The book contains autobiographical material, chronicling was Zamyatin presumably considered the most interesting or influential periods of his life. While Zamyatin is widely reported to have worked as a translator of Jack London's work during or after his sojourn in London from 1916 to 1918, London is not mentioned as an influence. This is followed by reprints of fifteen critical essays, dealing with specific developments in Russian literature during the period from 1914 to 1933, although most of the essays were written during the first decade of communist rule. The focus in this section of the book is heavily on Russia, and there is very little discussion of foreign influences, which makes sense, since communications between the Russian literary community and the West had cut down to almost nothing during this early period of Soviet international isolation.

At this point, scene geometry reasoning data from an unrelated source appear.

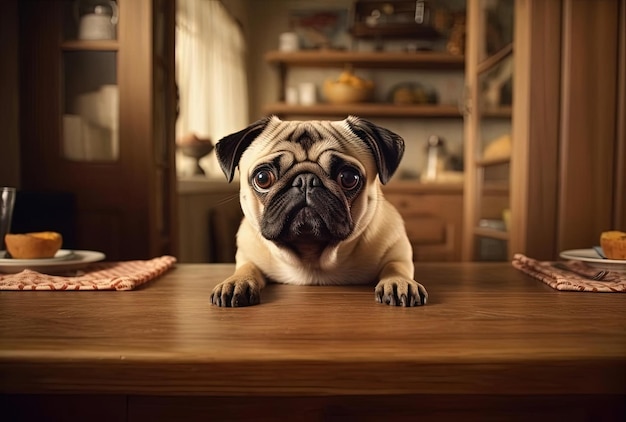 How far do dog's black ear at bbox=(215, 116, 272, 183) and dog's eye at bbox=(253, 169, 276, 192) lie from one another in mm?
71

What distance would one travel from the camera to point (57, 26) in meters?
1.83

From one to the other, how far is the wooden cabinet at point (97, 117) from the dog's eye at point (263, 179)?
3.36 ft

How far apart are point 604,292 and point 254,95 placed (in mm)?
3795

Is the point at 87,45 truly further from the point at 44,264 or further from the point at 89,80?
the point at 44,264

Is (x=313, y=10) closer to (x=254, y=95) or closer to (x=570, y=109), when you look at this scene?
(x=254, y=95)

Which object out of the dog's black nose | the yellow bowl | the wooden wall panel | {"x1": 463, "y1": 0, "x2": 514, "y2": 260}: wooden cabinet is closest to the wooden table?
the dog's black nose

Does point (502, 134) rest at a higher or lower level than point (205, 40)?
lower

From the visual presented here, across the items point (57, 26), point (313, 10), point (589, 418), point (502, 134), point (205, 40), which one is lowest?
point (589, 418)

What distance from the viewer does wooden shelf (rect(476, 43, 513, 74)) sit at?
80.1 inches

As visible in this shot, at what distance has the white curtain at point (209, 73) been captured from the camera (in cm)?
297

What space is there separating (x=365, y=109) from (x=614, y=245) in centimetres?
310

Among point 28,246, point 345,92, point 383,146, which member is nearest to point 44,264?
point 28,246

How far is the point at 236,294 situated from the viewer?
2.84 feet

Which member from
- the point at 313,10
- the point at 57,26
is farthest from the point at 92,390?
the point at 313,10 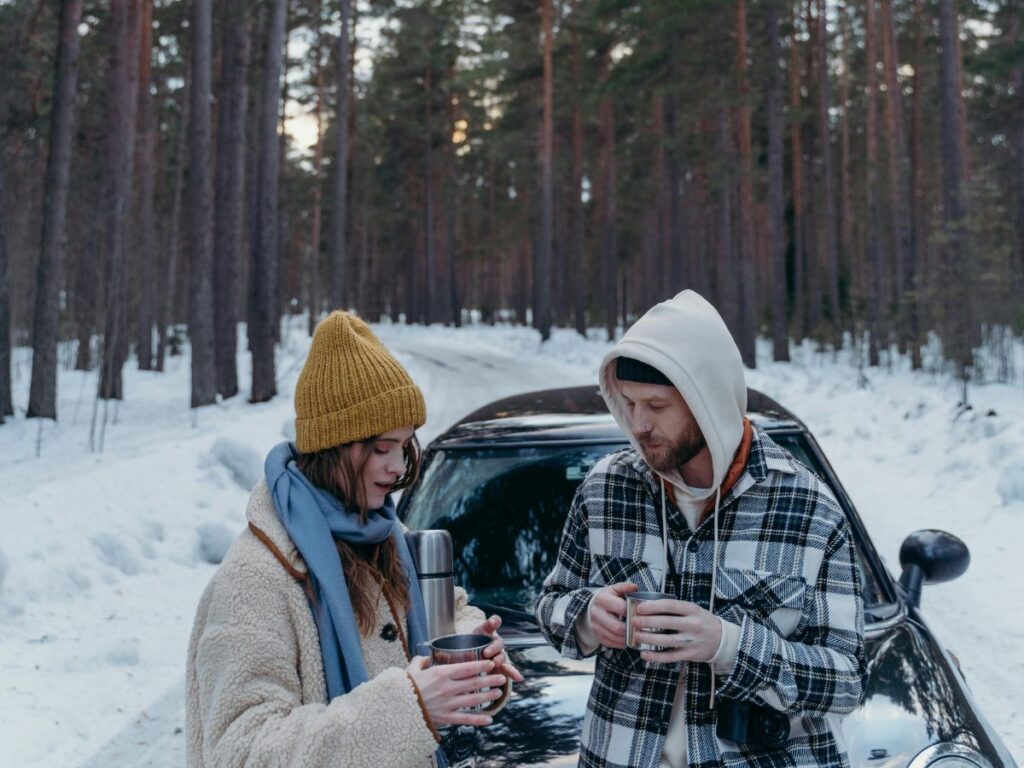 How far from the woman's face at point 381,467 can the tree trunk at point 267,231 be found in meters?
17.1

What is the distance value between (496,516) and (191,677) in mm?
1934

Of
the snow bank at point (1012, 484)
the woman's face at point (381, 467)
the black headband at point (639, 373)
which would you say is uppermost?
the black headband at point (639, 373)

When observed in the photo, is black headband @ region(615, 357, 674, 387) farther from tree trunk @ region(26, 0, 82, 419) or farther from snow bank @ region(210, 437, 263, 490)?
tree trunk @ region(26, 0, 82, 419)

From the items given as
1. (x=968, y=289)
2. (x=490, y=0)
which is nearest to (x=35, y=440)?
(x=968, y=289)

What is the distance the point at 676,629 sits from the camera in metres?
1.80

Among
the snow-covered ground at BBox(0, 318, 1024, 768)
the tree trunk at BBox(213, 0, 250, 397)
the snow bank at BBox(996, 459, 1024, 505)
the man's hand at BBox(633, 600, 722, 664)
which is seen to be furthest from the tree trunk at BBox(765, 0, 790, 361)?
the man's hand at BBox(633, 600, 722, 664)

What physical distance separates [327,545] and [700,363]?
84cm

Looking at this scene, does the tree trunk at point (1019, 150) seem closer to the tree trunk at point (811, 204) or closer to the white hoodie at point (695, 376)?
the tree trunk at point (811, 204)

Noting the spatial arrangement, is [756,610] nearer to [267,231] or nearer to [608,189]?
[267,231]

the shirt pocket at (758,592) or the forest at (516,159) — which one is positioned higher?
the forest at (516,159)

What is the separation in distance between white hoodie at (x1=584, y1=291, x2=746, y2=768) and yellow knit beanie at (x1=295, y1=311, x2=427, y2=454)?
0.49 metres

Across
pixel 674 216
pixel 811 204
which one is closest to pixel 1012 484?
pixel 674 216

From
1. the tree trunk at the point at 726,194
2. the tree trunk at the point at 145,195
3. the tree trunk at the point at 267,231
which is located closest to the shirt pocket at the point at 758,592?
the tree trunk at the point at 267,231

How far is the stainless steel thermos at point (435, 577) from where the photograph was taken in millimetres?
2123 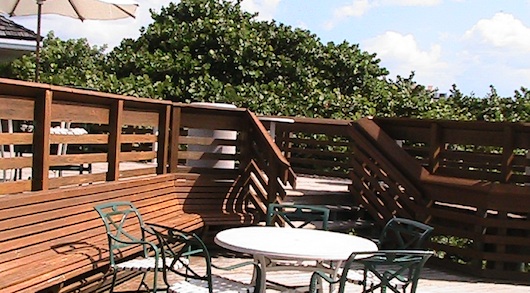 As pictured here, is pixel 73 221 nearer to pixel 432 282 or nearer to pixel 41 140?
pixel 41 140

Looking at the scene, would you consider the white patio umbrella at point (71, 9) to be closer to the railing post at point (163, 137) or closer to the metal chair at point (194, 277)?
the railing post at point (163, 137)

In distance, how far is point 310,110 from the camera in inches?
550

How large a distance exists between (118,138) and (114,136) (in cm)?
4

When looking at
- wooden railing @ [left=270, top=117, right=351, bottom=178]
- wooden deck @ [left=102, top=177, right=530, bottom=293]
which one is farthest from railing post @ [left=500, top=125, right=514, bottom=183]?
wooden railing @ [left=270, top=117, right=351, bottom=178]

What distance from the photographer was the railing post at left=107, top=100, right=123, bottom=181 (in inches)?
234

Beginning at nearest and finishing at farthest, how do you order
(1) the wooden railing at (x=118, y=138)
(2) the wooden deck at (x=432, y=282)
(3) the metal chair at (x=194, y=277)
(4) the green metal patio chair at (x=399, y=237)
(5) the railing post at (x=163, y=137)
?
(4) the green metal patio chair at (x=399, y=237), (3) the metal chair at (x=194, y=277), (1) the wooden railing at (x=118, y=138), (2) the wooden deck at (x=432, y=282), (5) the railing post at (x=163, y=137)

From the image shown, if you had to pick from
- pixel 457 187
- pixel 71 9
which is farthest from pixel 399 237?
pixel 71 9

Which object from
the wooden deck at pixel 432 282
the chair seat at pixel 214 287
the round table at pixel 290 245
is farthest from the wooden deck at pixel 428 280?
the chair seat at pixel 214 287

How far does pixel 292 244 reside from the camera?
14.8ft

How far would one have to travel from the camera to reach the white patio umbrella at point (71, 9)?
8.27 meters

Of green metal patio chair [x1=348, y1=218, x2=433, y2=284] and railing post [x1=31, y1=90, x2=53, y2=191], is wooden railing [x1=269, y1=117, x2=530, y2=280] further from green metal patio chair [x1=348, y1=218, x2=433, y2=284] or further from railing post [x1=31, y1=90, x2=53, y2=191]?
railing post [x1=31, y1=90, x2=53, y2=191]

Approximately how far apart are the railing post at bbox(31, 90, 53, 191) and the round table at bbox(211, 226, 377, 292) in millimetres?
1280

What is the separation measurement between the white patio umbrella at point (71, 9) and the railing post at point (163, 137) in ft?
5.65

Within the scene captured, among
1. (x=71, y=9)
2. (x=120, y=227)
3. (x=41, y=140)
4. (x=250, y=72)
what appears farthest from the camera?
(x=250, y=72) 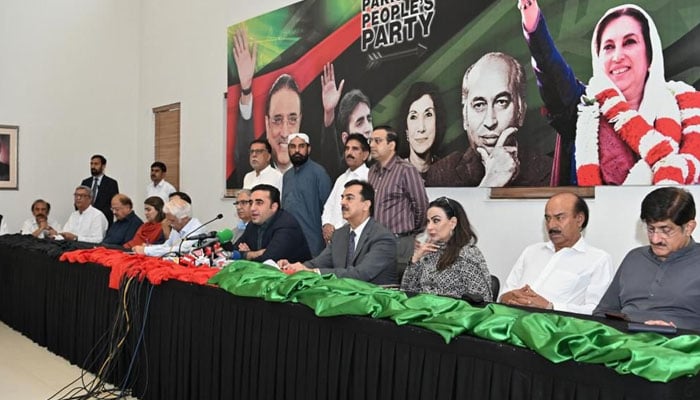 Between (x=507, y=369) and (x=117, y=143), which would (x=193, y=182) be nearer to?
(x=117, y=143)

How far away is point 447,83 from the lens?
16.3 ft

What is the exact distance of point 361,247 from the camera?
145 inches

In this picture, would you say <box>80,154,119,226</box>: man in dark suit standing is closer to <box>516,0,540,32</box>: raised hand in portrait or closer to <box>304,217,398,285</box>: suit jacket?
<box>304,217,398,285</box>: suit jacket

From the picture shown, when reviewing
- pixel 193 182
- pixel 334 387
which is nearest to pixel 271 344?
pixel 334 387

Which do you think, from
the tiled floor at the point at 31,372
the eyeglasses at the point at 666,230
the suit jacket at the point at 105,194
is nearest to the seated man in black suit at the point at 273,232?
the tiled floor at the point at 31,372

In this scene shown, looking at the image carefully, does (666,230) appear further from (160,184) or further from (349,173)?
(160,184)

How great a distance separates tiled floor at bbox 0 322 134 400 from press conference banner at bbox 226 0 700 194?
99.8 inches

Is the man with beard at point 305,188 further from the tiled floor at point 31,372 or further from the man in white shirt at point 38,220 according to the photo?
the man in white shirt at point 38,220

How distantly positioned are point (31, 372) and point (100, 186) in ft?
15.5

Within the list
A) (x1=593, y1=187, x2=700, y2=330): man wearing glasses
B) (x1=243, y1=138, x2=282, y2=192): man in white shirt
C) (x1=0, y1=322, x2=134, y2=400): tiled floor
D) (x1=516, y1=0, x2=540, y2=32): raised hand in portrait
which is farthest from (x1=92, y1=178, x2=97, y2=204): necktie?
(x1=593, y1=187, x2=700, y2=330): man wearing glasses

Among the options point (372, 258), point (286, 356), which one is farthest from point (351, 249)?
point (286, 356)

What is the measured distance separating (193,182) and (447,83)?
170 inches

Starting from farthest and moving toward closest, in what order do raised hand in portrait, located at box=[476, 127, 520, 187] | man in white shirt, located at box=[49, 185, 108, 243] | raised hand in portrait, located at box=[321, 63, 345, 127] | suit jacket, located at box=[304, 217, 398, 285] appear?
man in white shirt, located at box=[49, 185, 108, 243] < raised hand in portrait, located at box=[321, 63, 345, 127] < raised hand in portrait, located at box=[476, 127, 520, 187] < suit jacket, located at box=[304, 217, 398, 285]

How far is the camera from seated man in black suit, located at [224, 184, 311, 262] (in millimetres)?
4324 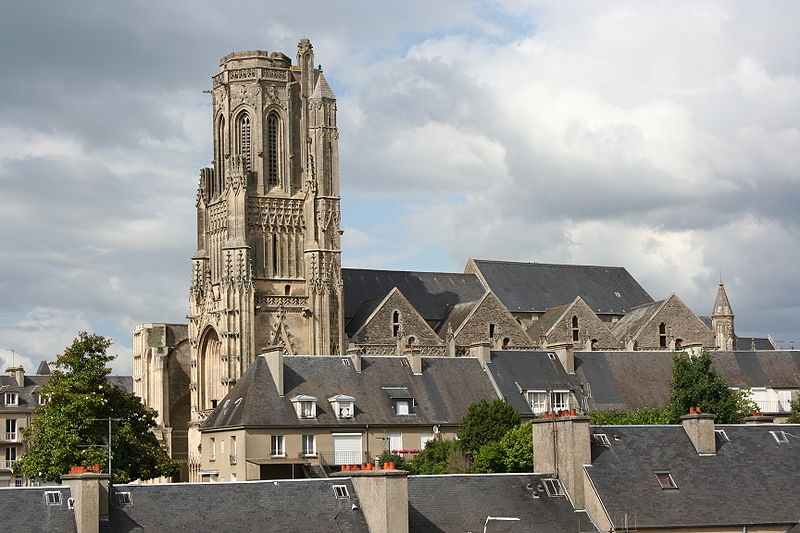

The end of A Soviet Heretic though, is where Zamyatin would naturally have written about his debt to London, if he felt that there was a debt that it was important to acknowledge. The books ends with portraits and critical studies of authors that Zamyatin considered important: Russians Andrei Bely, Alexander Blok, Anton Chekhov, Maxim Gorky, and Fyodor Sologub; Westerners Anatole France, O. Henry, and H. G. Wells; as well as the Russian artist Boris Kustodiev. Jack London again is absent, while Zamyatin write extensively about the importance of Wells' twisted visions of utopia (of the kinds seen in The Sleeper Awakes and The Time Machine). The inclusion of Anatole France among Zamyatin's chosen literary lights is also interesting in this regard, since France was a great admirer of London and wrote a famous foreword to later editions of The Iron Heel; Zamyatin was probably aware of France's evaluation of London but still does not find London important enough to discuss.

So it is clear that Zamyatin had ample opportunity to discuss any influence that London's work may have had on him, yet he does not. This strongly suggests that Zamyatin did not feel that London had been important to the development of his own ideas.

Finally, during the period from 1933 and 1937, both Zamyatin and Leon Trotsky were living in exile in Paris. It is unknown whether the two knew each other while they were there; Zamyatin lived in poverty, while Trotsky was a prominent figure in the city's Russian exile intelligentsia. However, Trotsky, unlike Zamyatin, did write a critical analysis of The Iron Heel (although I am not sure when it was published). London's work certainly was known among the Russians in Paris at the time, but Zamyatin just did not feel like discussing it.